The Core Lifecycle (ETL for Agents)
1. Extraction (Signal vs. Noise)
- •Concept: Use an LLM to scan the raw session logs and extract only "meaningful" information, discarding pleasantries and filler.
- •Method: Define "Topic Definitions" (e.g., User Preferences, Goals, Facts). If the data doesn't fit a topic, do not create a memory.
- •Technique:
- •Schema-Based: Extract specific fields (e.g.,
{"food_preference": "vegan"}). - •Natural Language: Extract atomic statements (e.g., "The user prefers window seats").
- •Schema-Based: Extract specific fields (e.g.,
2. Consolidation (The Gardener)
- •Concept: "Self-editing" the knowledge base. New information must be merged with old information to prevent contradictions and duplicates.
- •Operations:
- •Create: If the insight is novel.
- •Update: If the insight refines existing knowledge (e.g., "User likes spicy food" -> "User likes mildly spicy food").

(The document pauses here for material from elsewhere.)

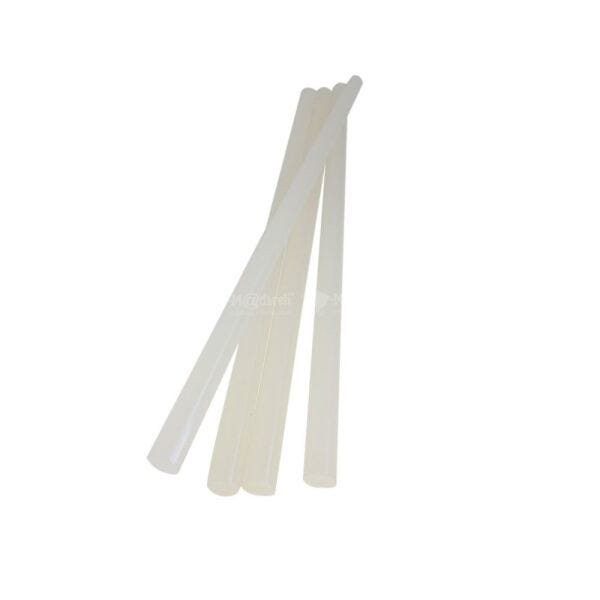 Cola Quente Bastão Transparente Foxlux 1Kg | aderência confiável, acabamento limpo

- •Delete/Invalidate: If the new info contradicts old info, remove the stale memory.
3. Retrieval (Finding Context)
- •Concept: Fetching the right memory at the right time.
- •Scoring Dimensions: Do not rely on Semantic Similarity alone. Use a Blended Score:
- •Relevance: Vector similarity to the current query.
- •Recency: Favor newer memories over older ones.
- •Importance: Weight memories based on their significance (defined at generation time).
Memory Types
Declarative Memory ("Knowing What")
- •Definition: Facts, figures, and user details (e.g., "My anniversary is October 26th").
- •Storage: Best stored in Vector Databases (for semantic search) or Knowledge Graphs (for relationship mapping).
Procedural Memory ("Knowing How")
- •Definition: Strategies and workflows. The agent remembers how it successfully solved a problem in the past.
- •Application: Used to inject a "playbook" of successful steps into the prompt for complex tasks.
Best Practices
- •Asynchronous Generation: Memory generation is expensive. Always run the Extraction and Consolidation steps in the background after the agent has responded to the user. Never block the user interface.
- •Provenance: Track the "Source Reliability" of every memory. A memory derived from explicit user input ("I am vegan") is higher trust than one inferred from conversation ("User asked about salads").